Assigned task:
The listing below should be reproduced exactly, with the pictures omitted.

Available data:
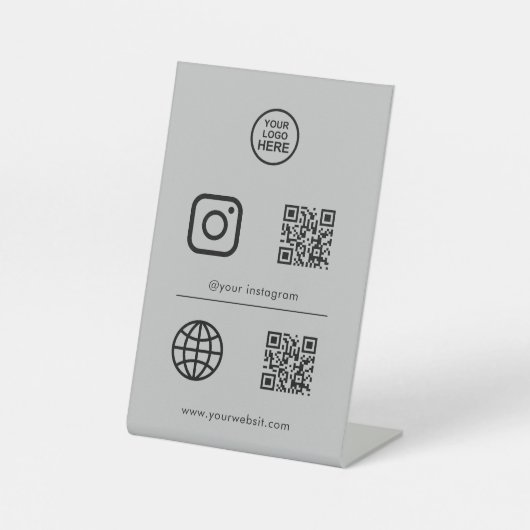 Code sociaal mediapictogram QR Reclamebord Met Voetstuk (Voorkant)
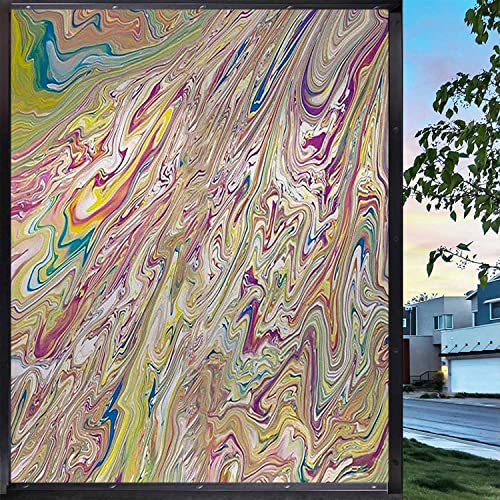 Static Cling Window Film Privacy Abstract Geometry Colorful Glass Sticker Home Adorn No Glue Anti UV Window Paper for Bathroom, Office, Meeting Room, Bedroom,17.7 in x 78.7 in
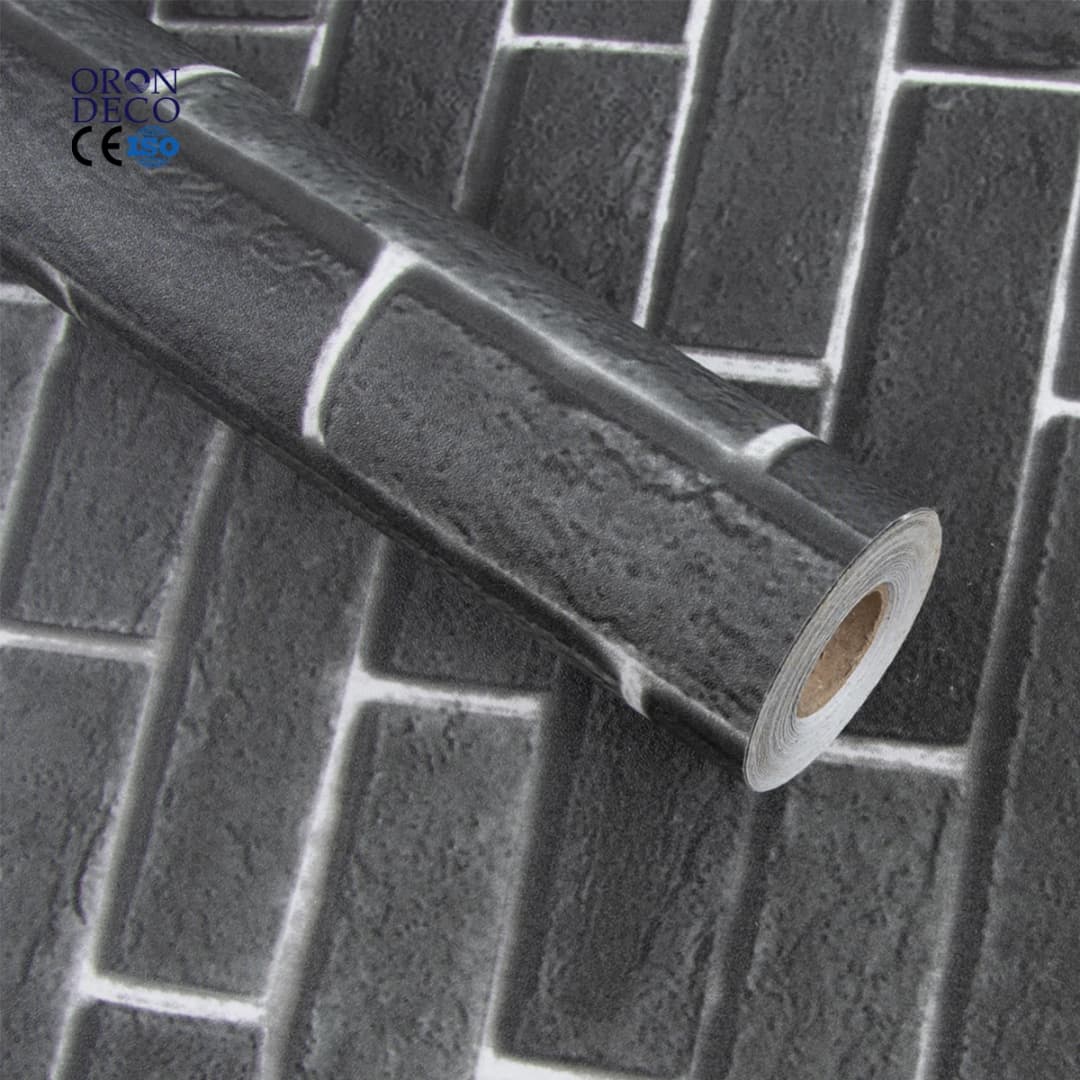 COWINLIFE DECO PVC Brick Wall Stickers Black 3d Wall Panel Wall Interior Design House Decor Self-Adhesive 3d Home Wallpaper Rolls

Result:
 Code sociaal mediapictogram QR Reclamebord Met Voetstuk (Voorkant)
 Static Cling Window Film Privacy Abstract Geometry Colorful Glass Sticker Home Adorn No Glue Anti UV Window Paper for Bathroom, Office, Meeting Room, Bedroom,17.7 in x 78.7 in
 COWINLIFE DECO PVC Brick Wall Stickers Black 3d Wall Panel Wall Interior Design House Decor Self-Adhesive 3d Home Wallpaper Rolls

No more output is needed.